A day later, and eager for another bite, I asked around to see if anyone had friends or family in Tokyo who might be able to teach me the ways of omurice. Rich Morin, a chef-friend from Boston, messaged me that his wife’s sister might have a friend who could assist. He added, “If you don’t like ketchup, don’t even bother showing up!”
I took the Keio Line to Sakaurajosui, where Morin’s sister-in-law Chiharu met me at the station. We walked back to what I thought would be her apartment, but instead, it was a nursery school decorated with children’s art and toys. There, her sister Chihiro was waiting with her young son and two friends, Ohiaki and Yuri, who were there to interpret. Minutes later, a cooking teacher named Naoko showed up with a plastic container of precooked rice, an assortment of raw ingredients (chicken, onion, carrots), and of course, a carton of eggs.
We went over the steps, which were just the same as I’d studied in the videos: Cook the chicken. Then the vegetables. Add the rice and mix. Naoko emphasized a special little step, making a well in the center of the rice as you would in flour for eggs yolks while making pasta. She added a few tablespoons of ketchup to the center of the pan and reduced it to concentrate the flavor, as if using tomato paste rather than tomato sauce. Naoko then handed me a small spoon of ketchup rice.
“Ketchup-y?” she asked.
“Yes, ketchup-y,” I said.
The other women gathered around for what I’ll refer to as “the scrambling”—gawking, just as I was, at what would be the scene stealer: the omelet. Naoko added a knob of butter to the pan, cooking the egg nearly halfway while constantly making figure eights with her saibashi. In her first attempt, she made an open-faced half-cooked omelet, which shrouded the pile of rice below.
While I don’t remember eating it, I do remember enjoying it, inhaling breakfast for dinner without uttering a word.
In her second attempt, she cooked the eggs about a third of the way before adding them back to the bowl she beat them in, re-scrambling them off the heat, mitigating any overcooking. Naoko told me that cooking the eggs properly is the most difficult part (you can always hide bad rice). But with the flip of a wrist, an ample omelet slid from the pan onto the rice. A surgical slice across its length—and the omurice unfurled like a blooming flower.

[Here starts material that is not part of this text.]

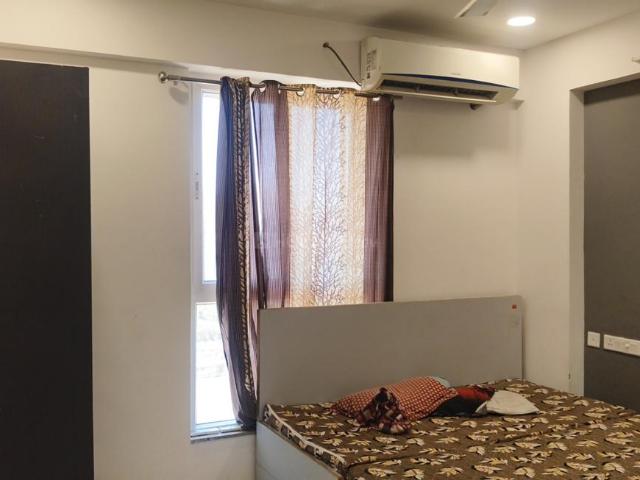 2 BHK Apartment in Vaishno Devi Circle for rent Ahmedabad. The reference number is 20222605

On another omurice (we made at least five), she wrote my name in kanji with ketchup on the exterior of the omelet, an informal introduction of me to omurice. Chiharu’s two daughters and Chihiro’s eldest showed up right on time, as if a lunch whistle had been blown. We sampled the many omurice Naoko made, and I found myself surrounded by a table of new friends, eating off of melamine plates with colorful plastic spoons. Naoko told me it takes about 30 times to make great omurice.